P.S. Try not to skip too many steps in the working out, and feel free to provide a hint in the end so I can have a little bit of a challenge :)
On
Notice, that for $|z|<1$, $$\sum_{i=1}^\infty\frac{(2z)^{2i}}{\binom{2i}{i}} =\frac1{1-z^2}\left[z^2+\frac{z\arcsin(z)}{\sqrt{1-z^2}}\right]$$ (for a proof see Does the series $ \sum_{i=1}^{\infty}\frac{2^{i-1}(i-1)!}{\prod_{j=1}^{i}(2j+1)}$ converge and if so, to what?) and by integration we get $$\sum_{i=0}^\infty\frac{(2z)^{2i+1}}{(2i+1)\binom{2i}{i}}= \frac{2\arcsin(z)}{\sqrt{1-z^2}}.$$ Then by letting $2z=1/x$, your equation is $$\frac{\pi}{5\sqrt{x + 2}} = \frac 12\sum_{i=0}^\infty\frac{(1/x)^{2i + 1}}{(2i + 1)\binom{2i}{i}}=\frac{\arcsin(1/(2x))}{\sqrt{1-1/(2x)^2}}.$$ Can you take it from here?
P.S. The unique solution should be the golden ratio $x=\varphi=\frac{\sqrt{5}+1}{2}$ (recall that $\sin(\pi/10)=1/(2\varphi)$).
On
Using the Beta Function integral: $$ \int_0^1t^k(1-t)^k\,\mathrm{d}t=\frac{k!^2}{(2k+1)!} $$ Therefore, $$ \begin{align} \frac12\sum_{k=0}^\infty\frac{k!^2}{(2k+1)!}x^{-2k-1} &=\frac1{2x}\sum_{k=0}^\infty\int_0^1\frac{t^k(1-t)^k}{x^{2k}}\,\mathrm{d}t\\ &=\frac1{2x}\int_0^1\frac{x^2}{x^2-t(1-t)}\,\mathrm{d}t\\[6pt] &=\frac x2\int_0^1\frac1{\left(t-\frac12\right)^2+x^2-\frac14}\,\mathrm{d}t\\ &=\frac x{2\sqrt{x^2-\frac14}}\int_{-\frac1{2\sqrt{x^2-\frac14}}}^{\frac1{2\sqrt{x^2-\frac14}}}\frac1{t^2+1}\,\mathrm{d}t\\ &=\frac{2x}{\sqrt{4x^2-1}}\tan^{-1}\left(\frac1{\sqrt{4x^2-1}}\right)\\[9pt] &=\frac{2x}{\sqrt{4x^2-1}}\sin^{-1}\left(\frac1{|2x|}\right) \end{align} $$
Hint: I will only show you how to compute the infinite sum.

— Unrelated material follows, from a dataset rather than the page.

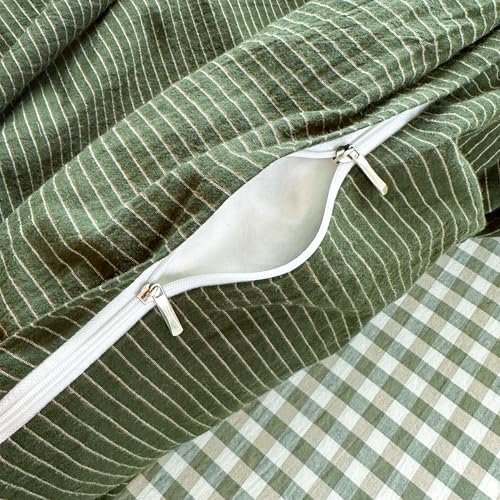 PinkMemory Green Striped Duvet Cover Set Queen Full 3pcs Olive Green Cotton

Let $t = \dfrac{1}{x}$ and $f(t) = \sum\limits_{n=0}^{\infty}\tfrac{(n!)^2}{(2n+1)!}t^{2n+1}$ and observe that $f'(t) =1+ \sum\limits_{n=1}^{\infty}\dfrac{t^{2n}}{\binom{2n}{n}}$ as well as $$\int_{0}^t\tfrac{f'(u)-1}{u}du = \sum\limits_{n= 1}^{\infty}\dfrac{t^{2n}}{2n\binom{2n}{n}} = \dfrac{t}{\sqrt{4-t^2}}\arcsin\frac{t}{2}$$ when the latter is known as Lehmer's identity and is valid when $|t|<2.$